=== BRIEF ===
Skip all pictures. Write out the data below from its first line through the line that contains "Emirates Palace Abu Dhabi 33".

=== SUPPLIED ENTRIES ===
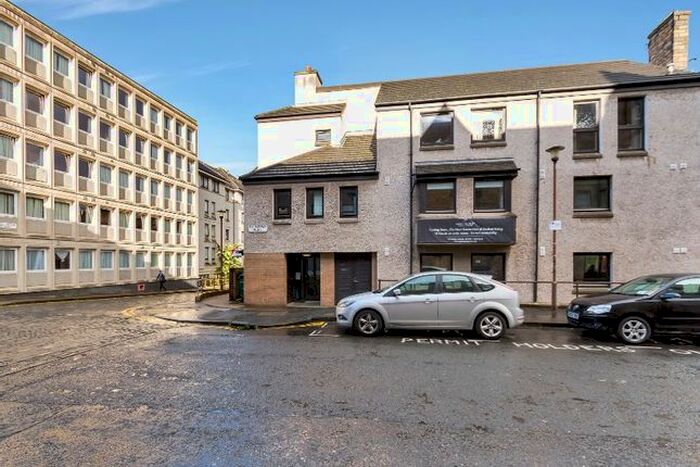 1 Bedroom Flat To Rent In West Adam Street, Newington, Edinburgh, EH8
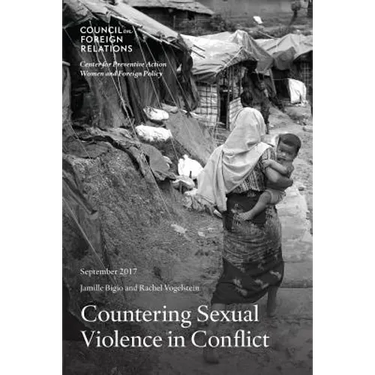 Countering Sexual Violence in Conflict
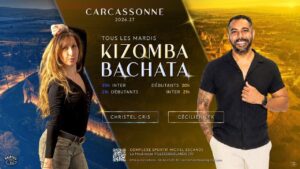 kizomba et bachata Carcassonne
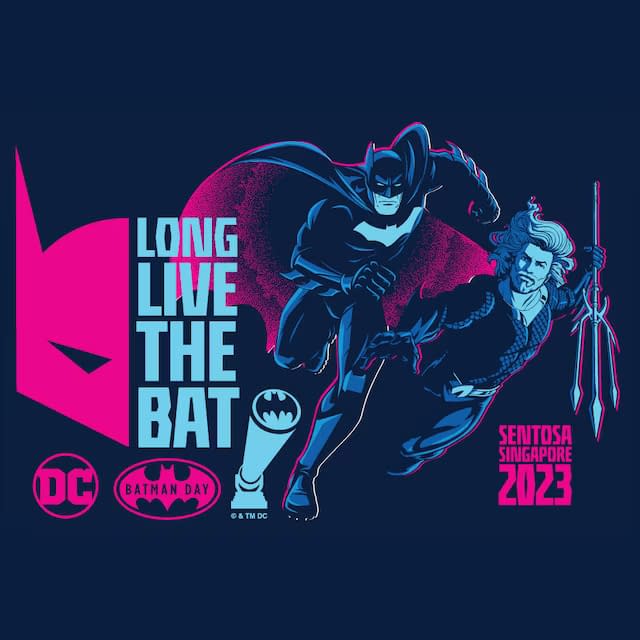 Batman Day Outside Of The USA, From London To Paris To Seoul To Tokyo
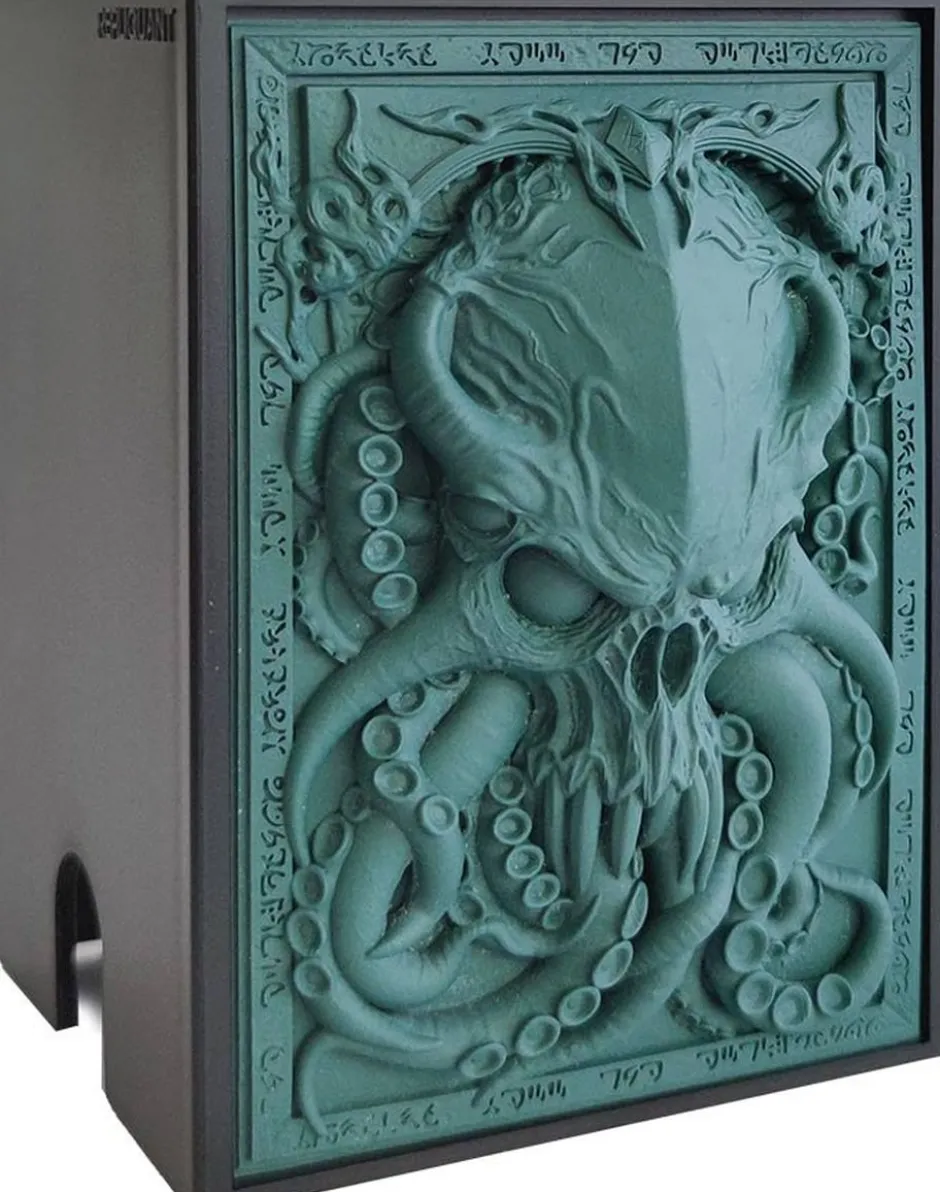 Tour à Dés : Darth Cthulhu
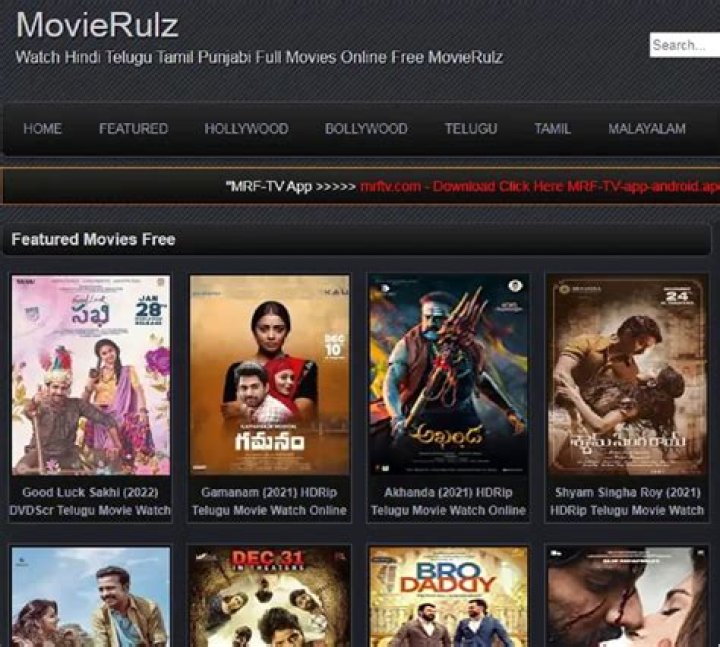 Movierulz Kannada Movie 2025 Download: A Comprehensive Guide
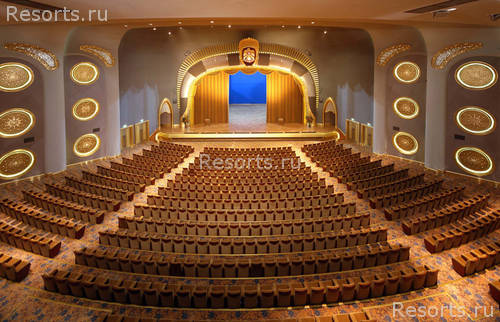 Emirates Palace Abu Dhabi 33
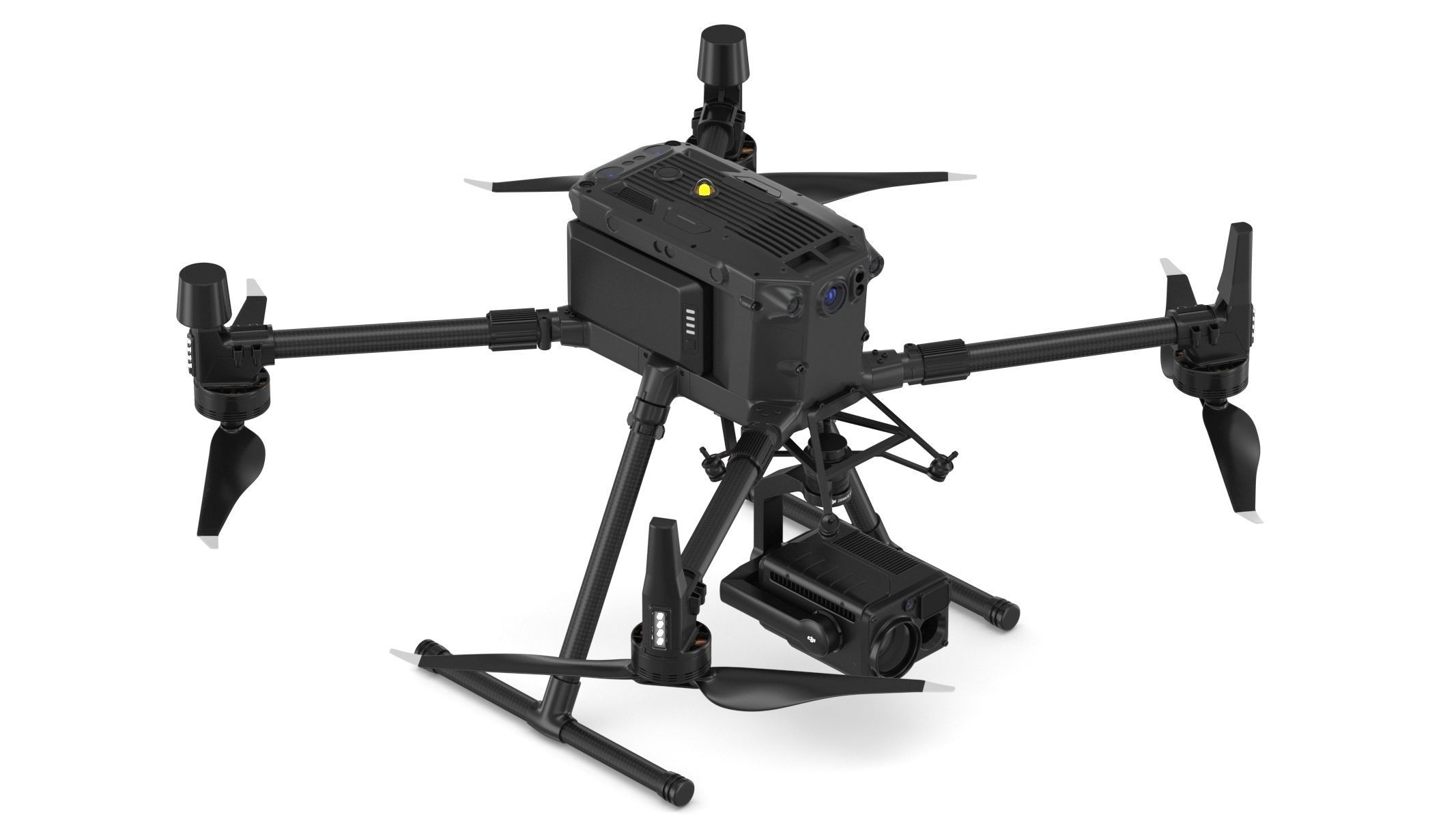 DJI Matrice 300 RTK 3D model_1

=== TASK ANSWER ===
 1 Bedroom Flat To Rent In West Adam Street, Newington, Edinburgh, EH8
 Countering Sexual Violence in Conflict
 kizomba et bachata Carcassonne
 Batman Day Outside Of The USA, From London To Paris To Seoul To Tokyo
 Tour à Dés : Darth Cthulhu
 Movierulz Kannada Movie 2025 Download: A Comprehensive Guide
 Emirates Palace Abu Dhabi 33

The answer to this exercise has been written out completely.